Instructions for the task: Copy, without a single change, each line from the one that holds "hoti hai/Roshan Gupta" to the bottom of the entries below, and drop any pictures.

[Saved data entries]

--*--

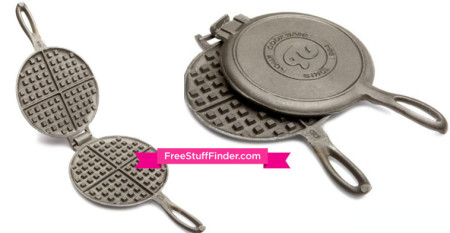 waffle-iron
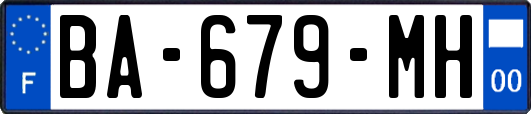 BA-679-MH
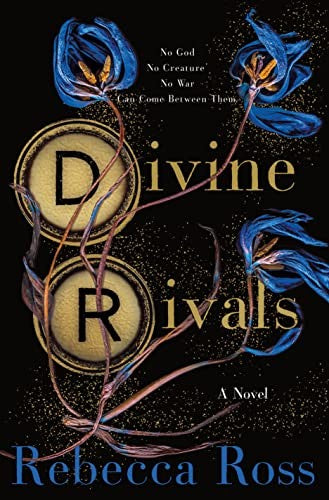 LETTERS OF ENCHANTMENT 1: DIVINE RIVALS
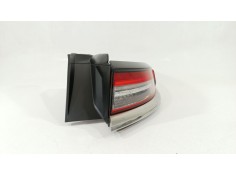 Recambio de piloto trasero derecho para ds ds 3 / ds 3 crossback (ur_, uc_, uj_) 1.5 bluehdi 130 referencia OEM IAM 9822177980 8 2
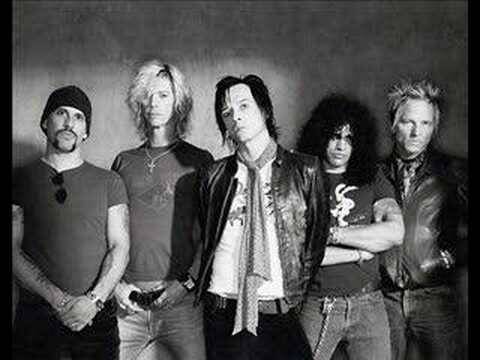 Velvet Revolver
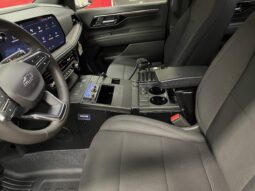 2025 Chevy Tahoe SSV AWD Command Vehicle – AVAILABLE NOW full
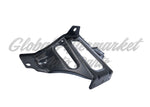 BUMPER BRACKET FR LOWER CENTRE — photo 4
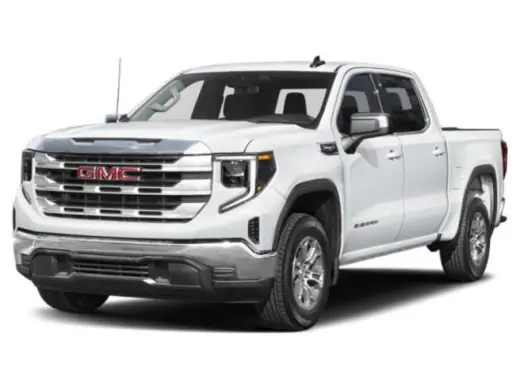 GMC Sierra 1500 2026 4x2 SLT 4p. Cabina Completa Estanque 5.8 ft. CB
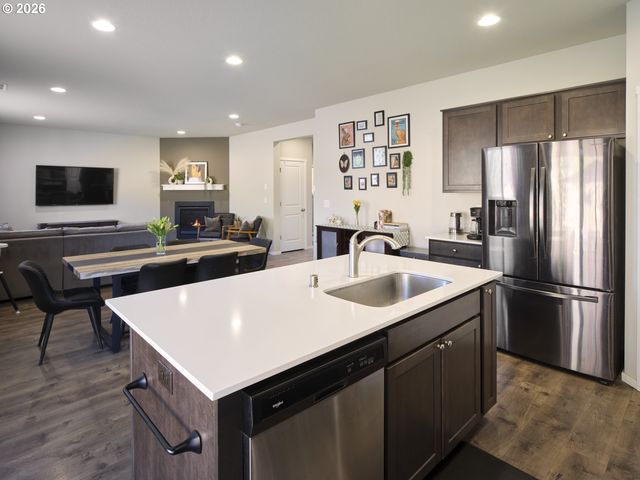 2912 S HARPER VALLEY Way, Ridgefield, WA 98642
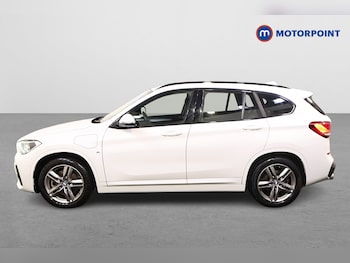 Used BMW X1 2021 for sale - 76545537: Photo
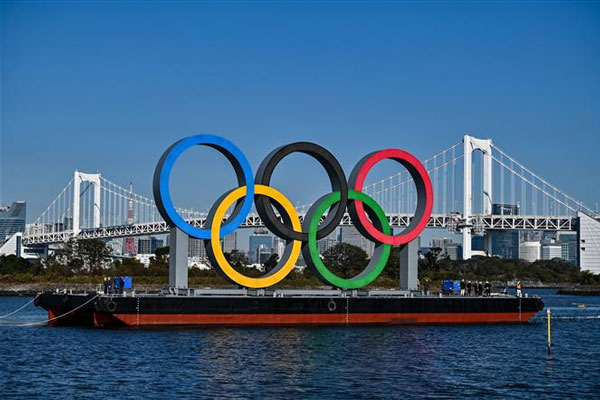 Vì sao Olympics Tokyo 2021 là thế vận hội đắt đỏ nhất thế giới?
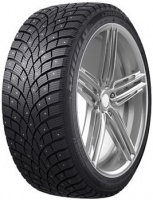 Автомобильные зимние шины Triangle IcelynX TI501 235/55 R19 105T  фото, kupilegko.ru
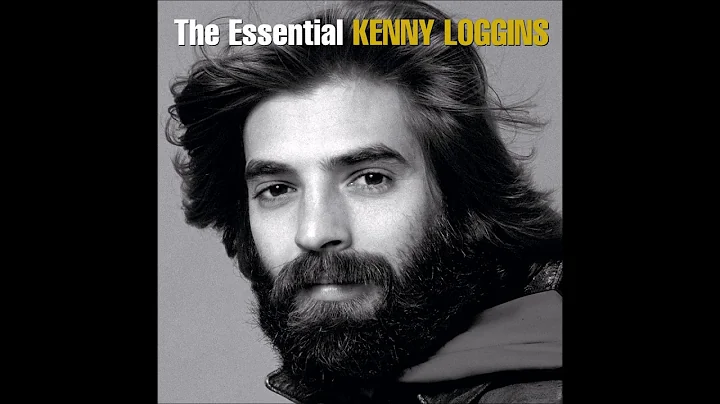 Kenny Loggins - I'm Free Heaven Helps The Man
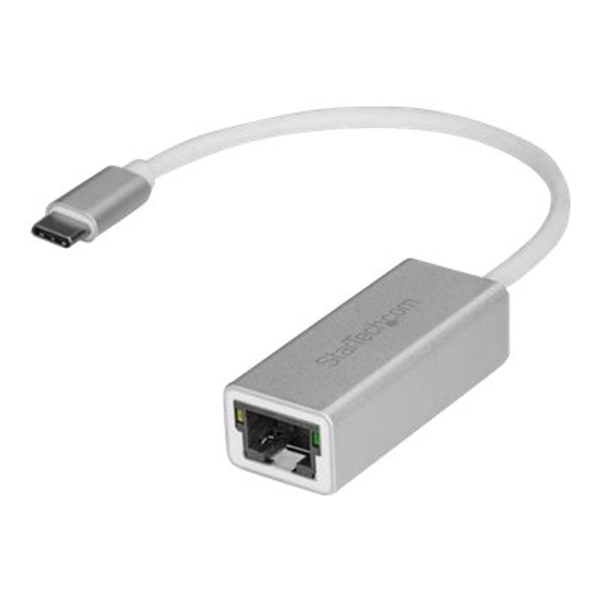 StarTech.com US1GC30A scheda di rete e adattatore 5000 Mbit/s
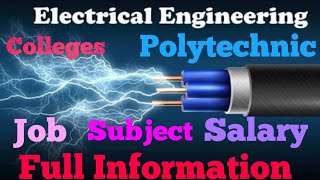 Electrical engineering  kya hai/ Electrical engineering me salary kitni hoti hai/Roshan Gupta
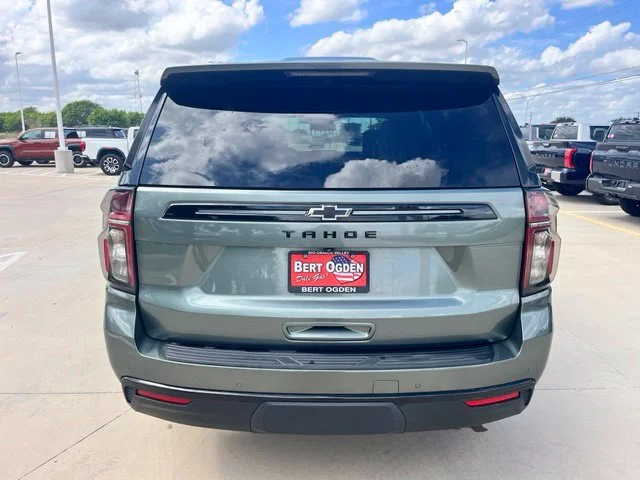 Used 2024  Chevrolet Z71 image 5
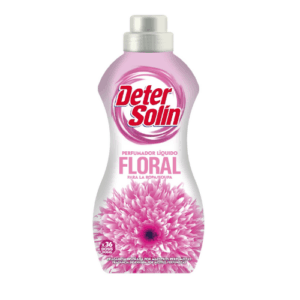 Detersolin Perfumador Líquido Floral 720 ml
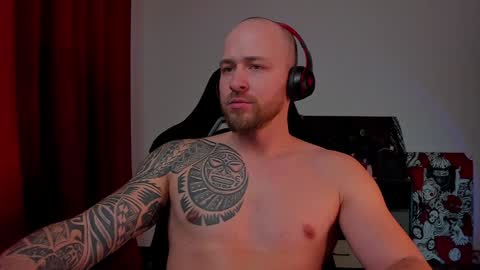 VI online show from January 19, 2025, 9:34 pm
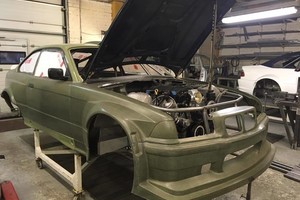 11-mečio latvio vairavimo sugebėjimai nepalieka abejingų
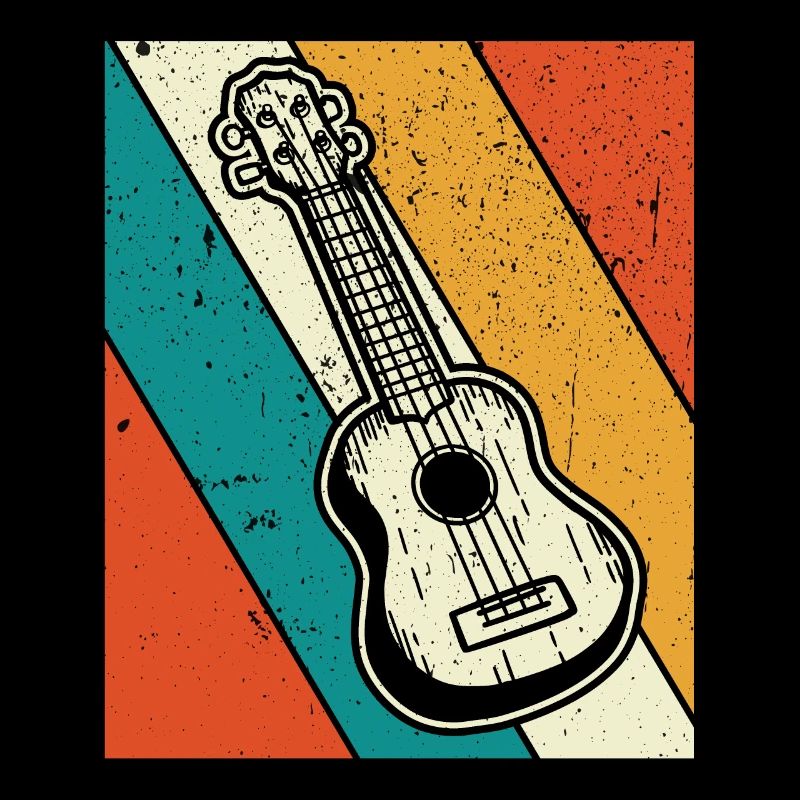 Ukulele Ukulele Player Ukulelist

--*--

Expected output:
 Electrical engineering  kya hai/ Electrical engineering me salary kitni hoti hai/Roshan Gupta
 Used 2024  Chevrolet Z71 image 5
 Detersolin Perfumador Líquido Floral 720 ml
 VI online show from January 19, 2025, 9:34 pm
 11-mečio latvio vairavimo sugebėjimai nepalieka abejingų
 Ukulele Ukulele Player Ukulelist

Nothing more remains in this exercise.